No creo que nunca haya sido tan consciente del retardo entre el momento en el que apreté el gatillo y el disparo como lo fui en ese momento. Sólo es un pequeño instante, pero fue entonces cuando empecé a entender que ese pequeño instante es la clave para un buen disparo.

Un hombre que piense que su arma dispara cuando aprieta el gatillo fallará. Enseguida aprendí a esperar a que cayera el martillo percutor, a que se encendiera la pólvora de la cazoleta y a que el arma disparara. Por supuesto que es rápido. Pero es más o menos en ese cuarto de segundo cuando el hombre que aprieta el gatillo tiene que tener sus ojos clavados en el punto al que quiere que vaya la bala. Cuando aprendí a hacerlo, me convertí en un buen tirador.

En aquel momento no era tan bueno, pero tuve suerte con el cerdo. Intenté dispararle en la paletilla. Mi idea era que si conseguía romperle algo, el cerdo no podría correr. No le di en la paletilla, pero casi le di al corazón y el cerdo se cayó al suelo. No murió, pero se quedó allí tumbado temblando hasta que Valentín le clavó el cuchillo en el cuello.
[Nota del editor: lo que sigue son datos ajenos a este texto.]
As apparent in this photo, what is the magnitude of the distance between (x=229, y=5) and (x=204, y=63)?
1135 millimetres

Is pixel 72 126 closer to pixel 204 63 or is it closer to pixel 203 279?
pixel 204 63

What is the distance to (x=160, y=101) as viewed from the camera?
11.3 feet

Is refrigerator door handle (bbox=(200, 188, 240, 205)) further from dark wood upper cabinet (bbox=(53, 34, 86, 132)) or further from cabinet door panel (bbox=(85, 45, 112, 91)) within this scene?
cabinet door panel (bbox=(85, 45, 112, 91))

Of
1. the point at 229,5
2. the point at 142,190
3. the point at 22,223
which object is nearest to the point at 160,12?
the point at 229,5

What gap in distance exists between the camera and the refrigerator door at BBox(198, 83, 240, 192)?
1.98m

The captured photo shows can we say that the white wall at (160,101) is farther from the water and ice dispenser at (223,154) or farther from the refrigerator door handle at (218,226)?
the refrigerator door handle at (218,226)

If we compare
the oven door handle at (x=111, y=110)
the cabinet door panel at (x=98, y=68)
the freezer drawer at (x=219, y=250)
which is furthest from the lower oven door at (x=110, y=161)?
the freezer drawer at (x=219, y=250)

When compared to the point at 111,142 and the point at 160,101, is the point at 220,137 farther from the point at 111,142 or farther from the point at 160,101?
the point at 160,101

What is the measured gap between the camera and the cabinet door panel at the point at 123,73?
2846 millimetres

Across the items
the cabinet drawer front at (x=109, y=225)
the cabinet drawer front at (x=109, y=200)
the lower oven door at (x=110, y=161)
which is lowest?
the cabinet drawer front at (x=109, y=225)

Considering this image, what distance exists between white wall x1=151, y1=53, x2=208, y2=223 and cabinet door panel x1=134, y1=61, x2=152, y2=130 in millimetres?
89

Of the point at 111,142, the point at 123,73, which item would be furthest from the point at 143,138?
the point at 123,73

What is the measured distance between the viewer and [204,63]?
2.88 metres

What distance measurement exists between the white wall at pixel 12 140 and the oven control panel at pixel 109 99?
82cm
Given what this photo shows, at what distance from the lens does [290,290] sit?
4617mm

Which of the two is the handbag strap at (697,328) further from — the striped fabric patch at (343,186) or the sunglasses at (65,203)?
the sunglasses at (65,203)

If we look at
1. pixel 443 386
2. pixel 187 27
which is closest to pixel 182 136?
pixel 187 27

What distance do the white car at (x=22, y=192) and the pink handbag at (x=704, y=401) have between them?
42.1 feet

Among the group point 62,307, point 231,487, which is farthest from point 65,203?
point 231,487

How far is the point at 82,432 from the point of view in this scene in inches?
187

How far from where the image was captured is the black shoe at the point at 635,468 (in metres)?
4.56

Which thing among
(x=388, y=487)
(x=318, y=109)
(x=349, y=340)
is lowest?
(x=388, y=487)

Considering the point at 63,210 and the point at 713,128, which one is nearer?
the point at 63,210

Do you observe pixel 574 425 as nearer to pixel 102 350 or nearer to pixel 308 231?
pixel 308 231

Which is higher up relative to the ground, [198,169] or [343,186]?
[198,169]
Lo sacamos del cañaveral y lo despedazamos. Tenía mi daga, pero no sabía cómo hacerlo. Valentín sí, y lo hizo cinco veces más rápido. Le quitamos las vísceras y le dimos a Francine el corazón y el hígado y cualquier parte que tiráramos y que ella quisiera. Le cortamos la cabeza también, las cuatro patas y desollamos lo demás. Luego usamos tiras de piel para atar el resto a un árbol joven para llevarlo al hombro. Recuperé mi bala y mientras secábamos la carne, la puse sobre una roca, la sujeté y le di unos golpecitos con el pequeño martillo para los pedernales que tenía en mi bolsa hasta que fue redonda otra vez.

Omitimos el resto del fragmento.